Getting over the trauma will be a major challenge for all the participants. The continent's five World Cup finalists here in particular – the Ivory Coast, Cameroon, Ghana, Nigeria and Algeria – must somehow ensure they are not too badly derailed because a successful tournament was clearly part of their preparations for next summer in South Africa as well as their chance for continental triumph.

It will be of particular distress to the iconic figures of African football, who are so proud of this event. Michael Essien, Didier Drogba and Samuel Eto'o, performers of the highest calibre in world football, exemplify why the African game – on the pitch at least – has never had it so good.

The number of excellent individuals from Africa is not in doubt. The challenge now is to make the next leap. Can they create an excellent team – one capable not only of winning the Africa Cup of Nations but also eyeballing the establishment until the latter stages at the World Cup five months from now?

[But] everyone in Angola has far more pressing concerns. A tournament which was supposed to be solely about football and celebration of Africa is now the victim of an outrage and tragedy."

Patrick Barclay in the Times, meanwhile, says we must support the continent.

"How hollow they ring, all those military metaphors and hyperbolic allusions to violence in the description of football, when we hear of what happened in Angola yesterday.

The horrifying attack on the Togo bus as it carried the squad, Emmanuel Adebayor included, towards an African Cup of Nations match against Ghana on Monday that will now, surely, be abandoned, is a reminder that war and lawlessness rage across much of a continent proudly preparing to host its first World Cup.

But we must take care to react proportionately. The World Cup is to take place in South Africa, not a conflict zone separated from the rest of Angola by a strip of land belonging to the Demoratic Republic of Congo. There is no more reason to ratchet up the fear factor now than there would have been to abandon all European football after the terrible events at the Heysel Stadium in Belgium in 1985.

That Africa seems to suffer more than its fair share of the most profound misfortune — stadium crushes and the air crash that wiped out a Zambia squad in 1993 are but two examples — should merely double the game’s resolve to encourage its development as a sporting environment. The World Cup that kicks off in June in Johannesburg, when South Africa meet Mexico, is a key part of that.

Why was the risk taken of sending the tournament to Angola? This will be high in the list of questions that will be asked in the inquest. I have never been able to understand why the choice was made to go somewhere so short not only of security but of accommodation. It has never been less tempting to take the trouble to attend.

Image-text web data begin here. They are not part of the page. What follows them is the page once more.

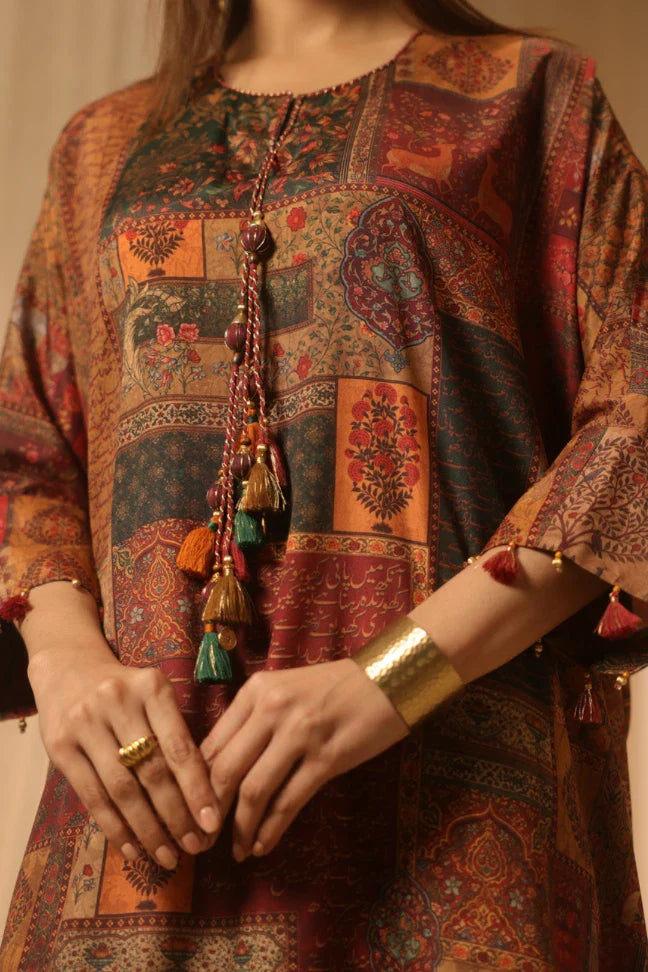 Arzina (নিবেদন) - Kaftaan Set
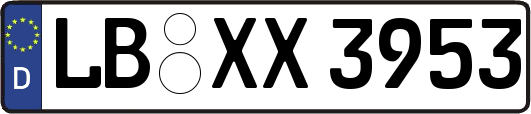 LB-XX3953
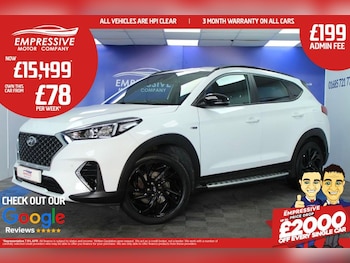 2019 (19) - 1.6 TGDi 177 N Line 5dr 2WD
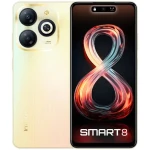 INFINIX Smart 8 Dual SIM 64GB 2+2GB RAM 4G LTE Shiny Gold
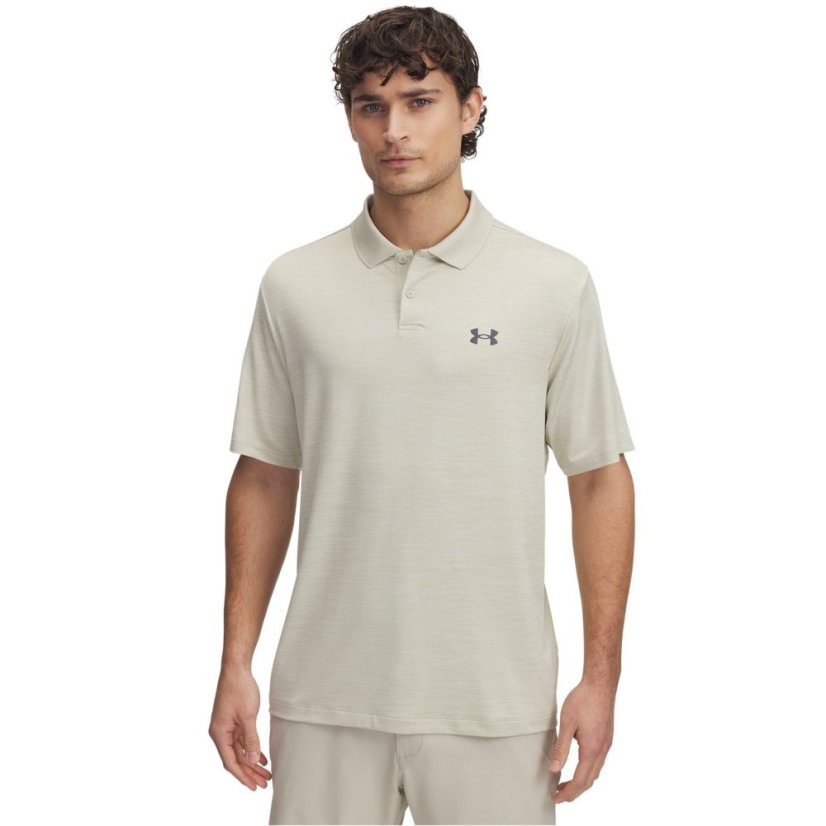 Under Armour Matchplay Polo Men's Khaki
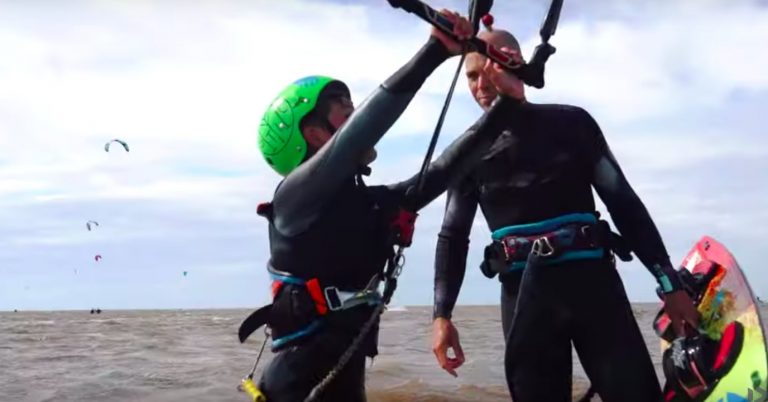 Duotone Grom Search UK - #TEAMTALK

The decision was a serious and avoidable blunder because there are plenty of safer countries in Africa. In 2002, I went to Mali, which was the poorest country on the planet at the time, yet safe and friendly — there was less begging, even, than in London, and the people displayed better manners — and the tournament in Burkina Faso passed off relatively serenely as well four years earlier.

For anyone to be put off a trip to Africa, let alone South Africa for the World Cup, on the basis of yesterday’s incident would be ridiculous. The World Cup is no safer and no less safe for it. There was a risk before and there is a risk now.

It is the price of taking the world game to its most problematic continent and to reheat the old arguments would be futile."